Donner la parole musicale aux premiers solistes de chaque pupitre est une autre brillante idée de l’OSM! Venons-en au plat de résistance que constituent les quatre-vingts minutes de la cinquième symphonie de Mahler dont tout le monde connaît le quatrième des cinq mouvements, cet Adagietto que Visconti utilisa dans le touchant film Mort à Venise conçu selon l’oeuvre de Thomas Mann. Tout d’abord une vue en plongée est nécessaire au concert pour savourer les nuances et les dialogues entre pupitres que rehaussent les ordres du chef d’orchestre. Ce n’était pas une disposition habituelle du quatuor à cordes ni une disposition à l’américaine: habituellement, pour le public faisant face à l’orchestre, on retrouve à gauche premiers et seconds violons, altistes au centre, violoncellistes à droite tout juste devant les contrebasses.

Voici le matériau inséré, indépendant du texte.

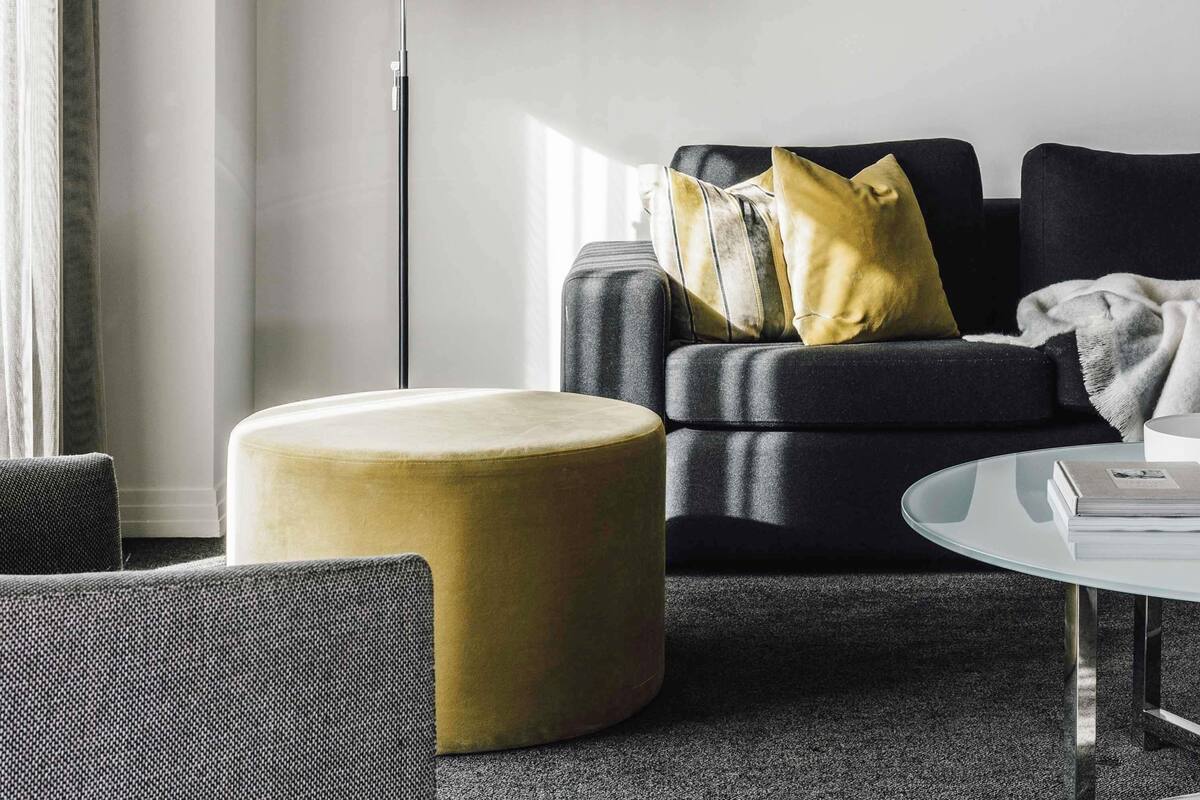 A modern living room with a sofa, ottoman, and a glass coffee table.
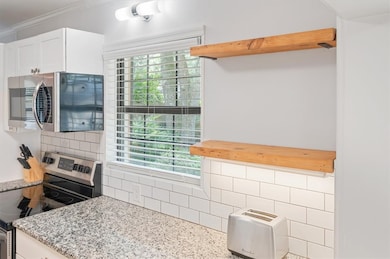 Cottage style open shelving, subway tile and a perfectly placed window with a view of the beautiful front yard.
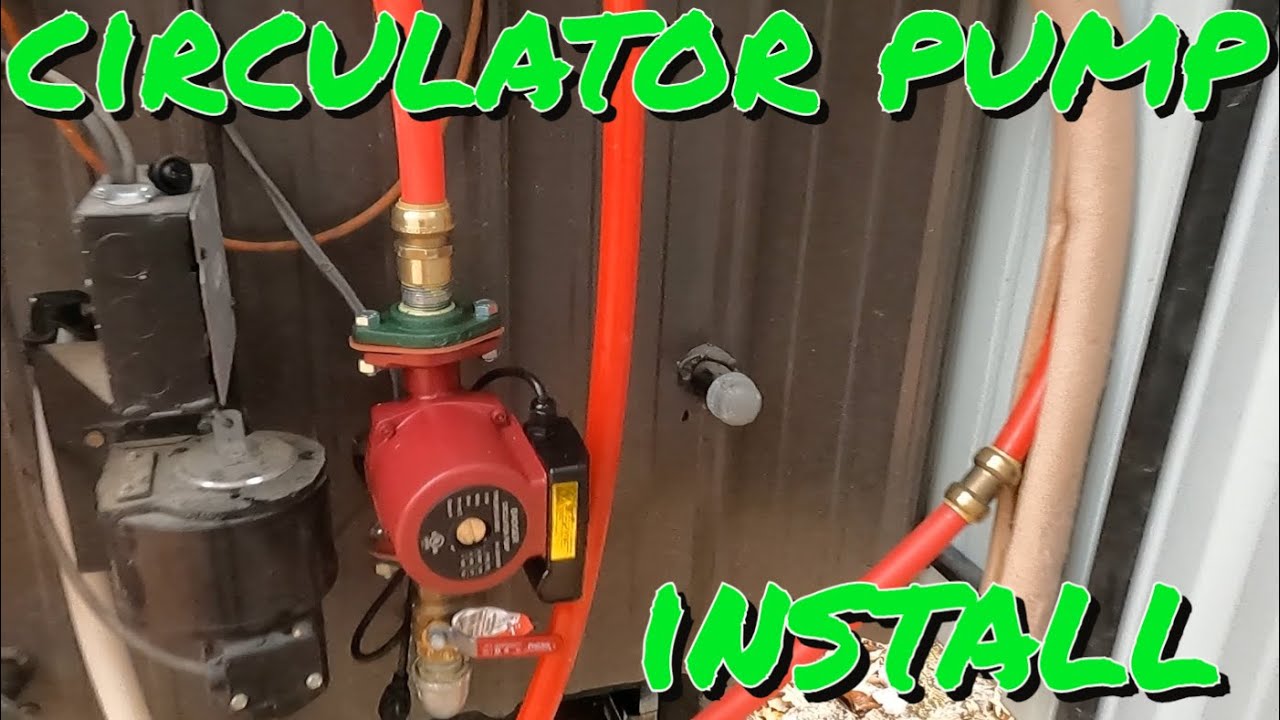 A photograph of a green hydronic circulator pump mounted between copper pipes next to a residential boiler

Cette fois, la disposition malhérienne suggéra à Nagano des contrebasses sur la gauche, les premiers violons les jouxtant, ensuite les violoncelles au choeur du quatuor et un mélange de seconds violons et d’altistes sur la droite. Percussions et cors complétaient l’arc-en-ciel sonore sur la gauche, les bois au centre (4 flutes, 4 hautbois de même pour les clarinettes et bassons avec un contrebasson) ultimement, en fin d’arc sur la droite les importantes quatre trompettes (avec Paul Merkelo en soliste bien entendu) et autres cuivres (4 trombones, tuba). On croit généralement que les spectateurs auditeurs au parterre sont mieux servis que les gens des corbeilles, mezzanine ou balcons mais c’est une erreur prétentieuse.
Étonnez-vous d’apprendre qu’à la Maison Symphonique, si on entend parfaitement de partout, c’est de ces trois balcons qu’on est le mieux servi sur les plans visuels et sonore. Mieux encore, la mobilité possible et surtout la vastitude de l’éventail spectaculaire de la scène se perçoit le mieux du monde au tout dernier balcon si l’on peut endurer les chuchotements estudiantins qui y ont hélas souvent court, noblesse d’éduquer la jeunesse à se tenir concentrée contraignant les vieux abonnés à les tancer du regard…
Pour résumer la performance magistrale de l’OSM dans cette symphonie d’une richesse dialogique inouïe, c’est un plaisir secouant ou remuant que d’entendre l’invention des thèmes en leurs variations et réponses entre un pupitre et l’autre. La grande classe de l’OSM qui n’a rien à envier à Vienne ou Amsterdam (Concertgebouw) ou même la Philharmonie de Berlin, c’est de montrer une cohésion infaillible et, une obéissance respectueuse au chef Nagano dont le départ annoncé commence un compte à rebours qui, au fond, sans doute, lui déchire le coeur. Il fallait voir le chef, souriant, heureux de voir et revoir la foule debout l’ovationner lui et les solistes remarquables des pupitres de l’ensemble pour comprendre que ce n’est pas de gaité de coeur qu’il quitte ou passe le bâton à celui ou probablement celle dont on continue de rechercher, tels des orpailleurs infatigables, le filon à l’anneau d’or. Nous sommes choyés par les arts et la culture, ici à Montréal surtout: creuset d’Europe et d’Amérique!